The 719th Division was transferred to occupation activity in the Netherlands. Until July 1942 the division was part of the Command of the German Troops in the Netherlands.  In July 1942 it was transferred to LXXXVIII Korps, Niederlande Armee, Armeegruppe D.  The LXXXVIII Korps was transferred to Armeegruppe B in May 1944.  The division remained there until 7 September 1944 when it was transferred to Antwerp as part of the LXXXVIII Korps, 1. Fsch Armee, Armeegruppe B. This move was to prepare for the Allied advance.  Within a month, the division was again transferred to LXVII Korps, 15. Armee, Armeegruppe B, active in the Netherlands.

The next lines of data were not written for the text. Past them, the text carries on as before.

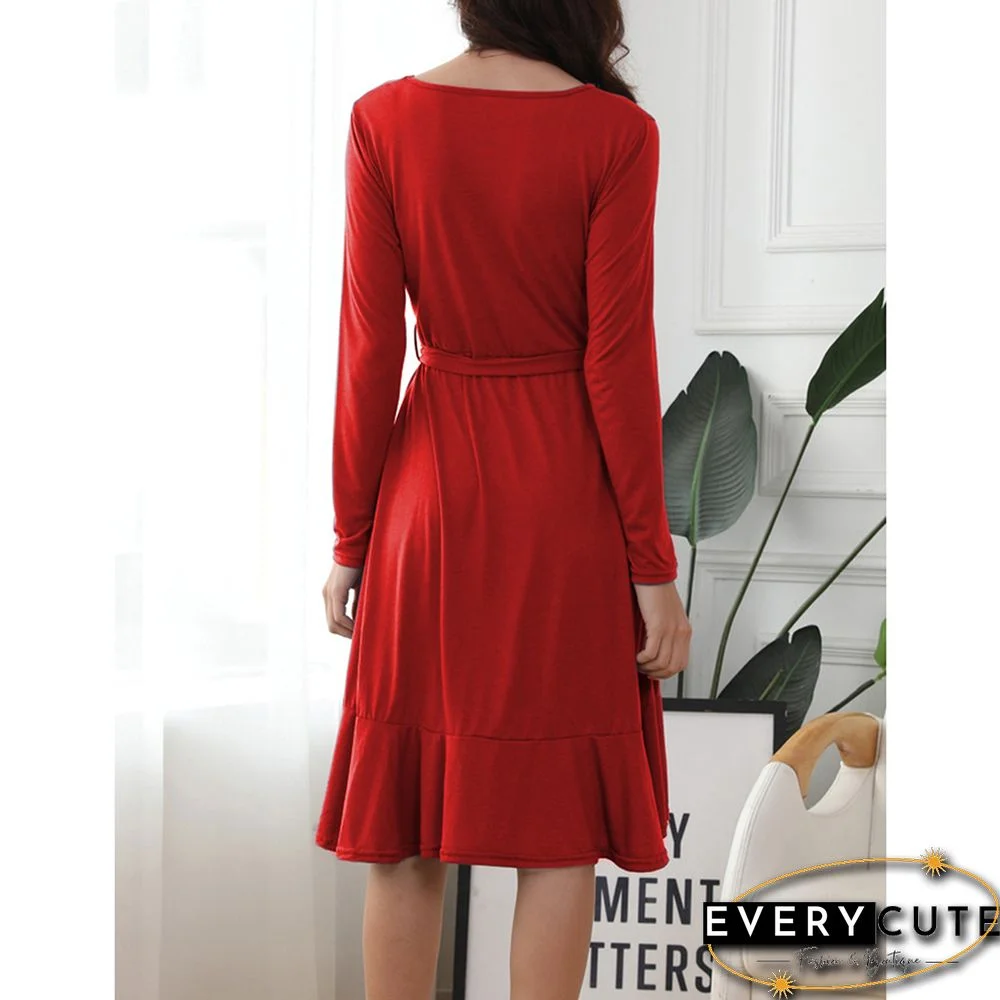 Red Ruffled Hem Tie Waist Long Sleeve Casual Dress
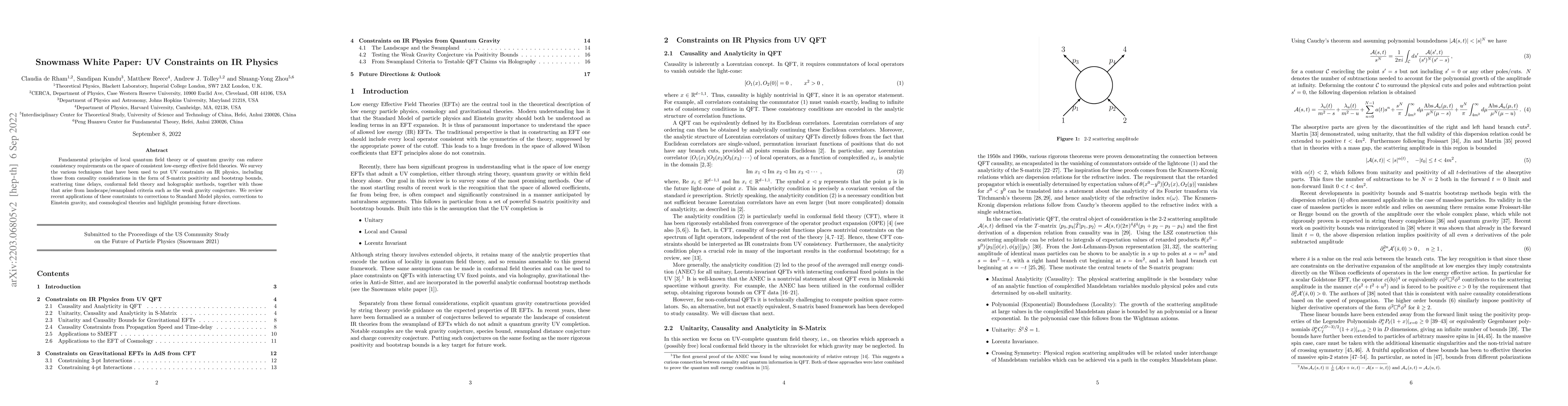 Thumbnail for Snowmass White Paper: UV Constraints on IR Physics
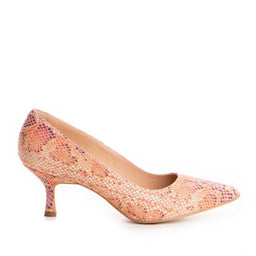 Pantofi dama Guban model 1414 nappa animal print portocaliu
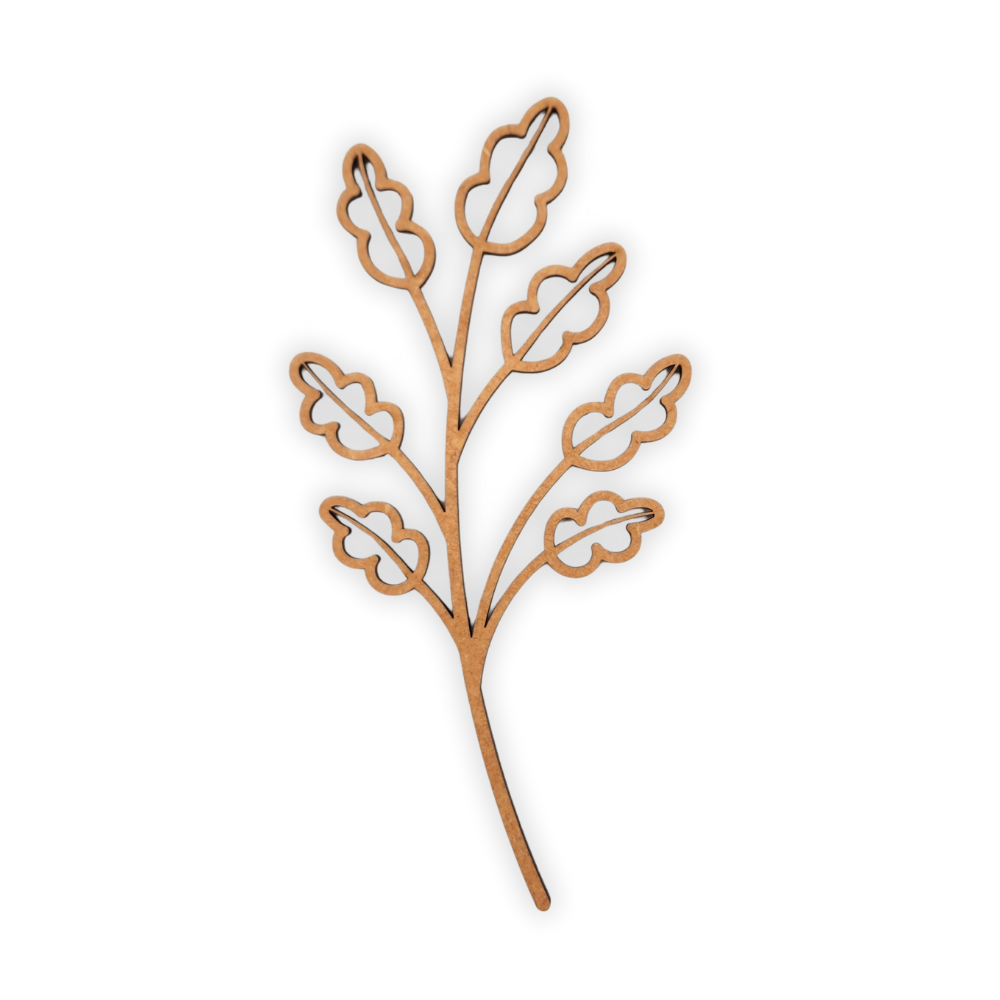 Decorative laser wooden blank cutout of a leafy flower/plant 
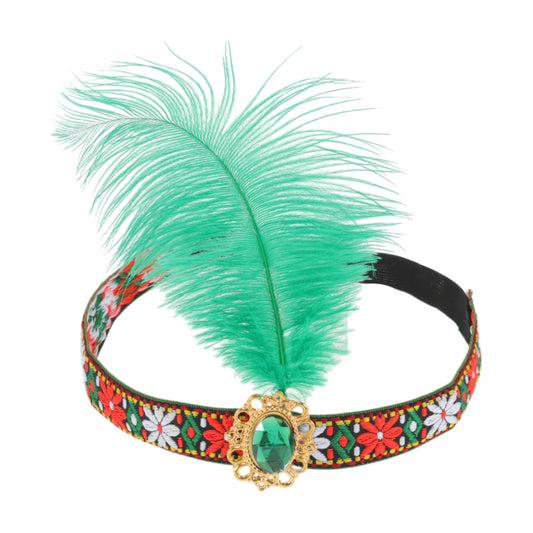 Diadema de plumas estilo tribal para mujer, color verde, 1 unidad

It fought at Fort Merksem, Woensdrecht, Breda before being transferred to the Saarpfalz region in February 1945. In the Saarpfalz, the division was a part of LXXXV Korps, 1. Armee, Armeegruppe G.  It fought at Œting at Saarlautern and in the Palatinate region before being destroyed. It is possible that the Division zbV 405 a small unit (zbV, German zur besonderen Verwendung indicates a special purpose unit, often very small), may have been reformed as 719th Division.  If so, this unit would have been too small and unorganized to have had any significance at the end of the war.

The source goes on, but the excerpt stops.